There was no official comment from Ankara, but rebel brigades involved in the Turkish-backed offensive inside Syria posted Twitter messages indicating they were planning to now move west along the border against Islamic State forces, rather than south against the Kurds.

The clashes had earlier drawn a rebuke from US Defence Secretary Ashton Carter, who called on Turkey to "stay focussed on the fight against [the Islamic State movement] and not to engage Syrian defence forces."

Turkey launched its forces last week into northern Syria. The move involved Ankara transferring hundreds of Syrian rebels from the west of the country to the northern border region to act as its main ground troops.

Backed by Turkish armour and airstrikes, the rebels quickly seized the key border town of Jarabulus from Islamic State fighters, but much of the ground they have taken since then was held by forces linked to the Kurdish-led, US-backed Syrian Democratic Forces (SDF).

The SDF recently captured the city of Minbij, south of Jarabulus, from Islamic State forces, a victory seen as key to breaking the extremist group's links to the Turkish border and the outside world and blocking movements of supplies and fighters deeper inside Syria and Iraq.

But the SDF advance also alarmed Turkey, which distrusts the Kurdish forces due to their links with Kurdish insurgents operating inside Turkey.

The small Sajur river north of Minbij now seems to have become an effective boundary between the SDF-linked forces and the Turkish-backed rebels.

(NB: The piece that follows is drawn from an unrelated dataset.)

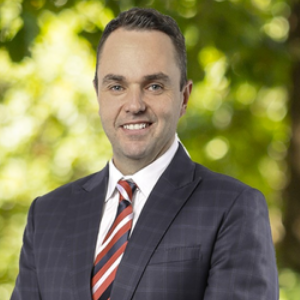 David Rubinic  Agent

The SDF-linked Jarabulus Military Council announced late Monday that it had withdrawn south of the river.

The Jarabulus Military Council said that it had reached a temporary ceasefire agreement with Turkey, mediated by the US-led coalition, effective from midnight Monday.

Coalition spokesman Colonel John Dorrian told dpa he could not confirm a ceasefire. "There is clearly a calm between these forces, and there haven't been any [further] hostilities," he said.

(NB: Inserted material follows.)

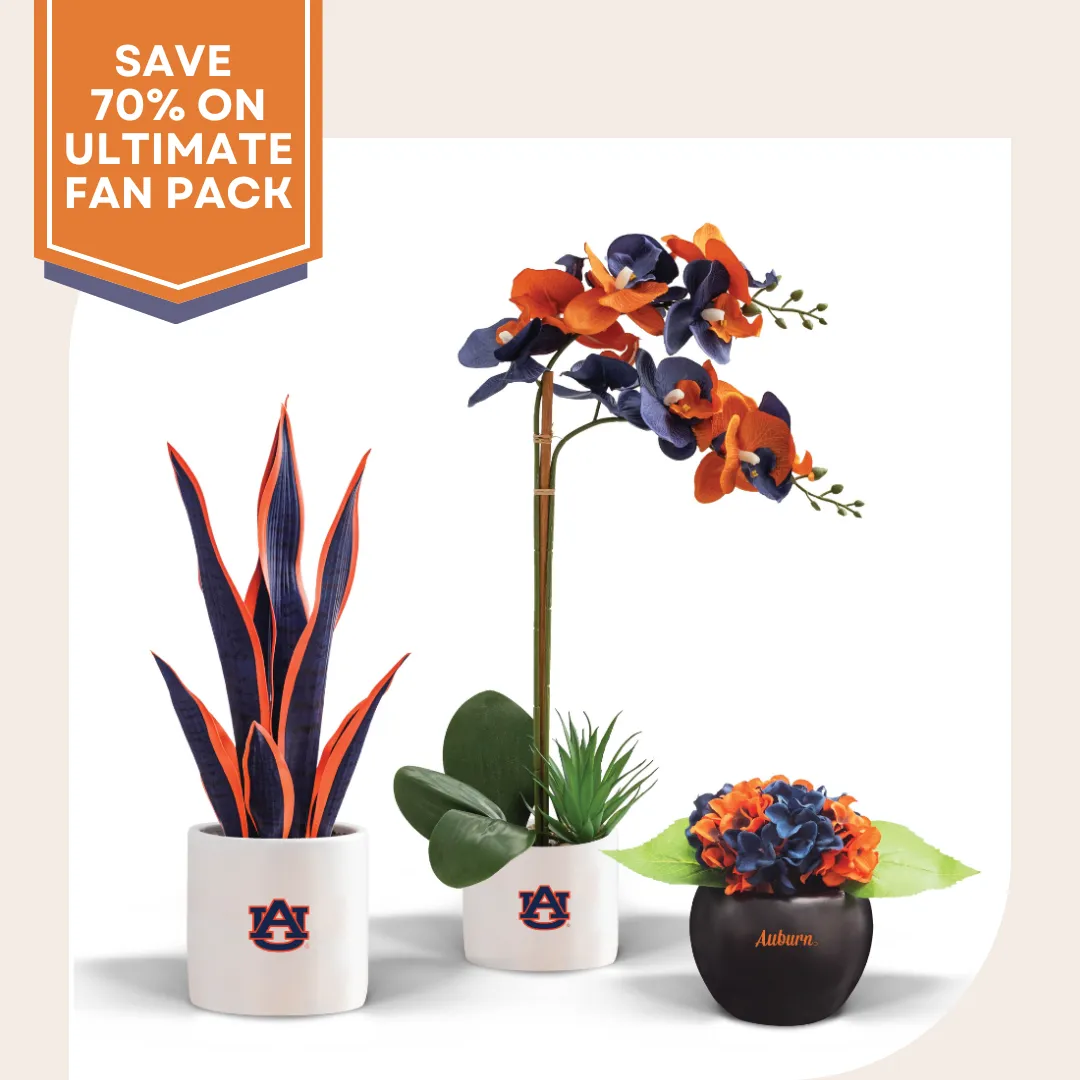 Auburn War Eagle Snake Plant, Orchid & Hydrangea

In Washington, US State Department spokesman John Kirby said that for "12 to 18 hours or so" there had "been no clashes between those two sides, and that's a welcome development."

Rebel fighters allied with Ankara told dpa Tuesday they were refraining from attacks, for the time being, on Kurdish forces.

US Central Command chief General Joseph Votel said that "for the most part ... the portion of the Kurds that are part of the SDF" had "lived up to their commitment to us" and withdrawn from Minbij to the east of the Euphrates river, a key Turkish demand.

If the Kurds cannot stay west of the Euphrates, they will not be able to link up with an enclave they control in the far north-western corner and create a single autonomous region stretching across northern Syria. Rebels and Turkey oppose such a Kurdish entity.

The US is increasingly concerned that the clashes between its two allies could weaken the war on Islamic State forces.

US President Barack Obama and Turkish President Recep Tayyip Erdogan are set to meet at the weekend, on the sidelines of the G20 summit in China.

Erdogan had said the operation was "in cooperation with the international coalition" against Islamic State, which is led by the US. The coalition, however, does not include Turkish strikes in its daily toll, and the latest US remarks raise more questions.

The Wall Street Journal reported that the Turkish offensive in Syria was not fully coordinated with Washington and high-level talks broke down.

Erdogan vowed Monday that the offensive in northern Syria would continue until threats from both Islamic State forces and the Kurds were stopped.

US officials have, however, applauded the Turkish capture of Jarabulus, the last main town the extremists held on the border after the others were taken by the Kurds.

A clampdown by the Turks on the so-called "jihadi highway" into Syria, combined with the Syrian Kurds' gains in the north, has helped to drastically reduce the flow of foreign fighters to the extremist group.

Erdogan will also meet Russian President Vladimir Putin at the G20. Russia backs the Syrian government and is also carrying out strikes against groups in the country.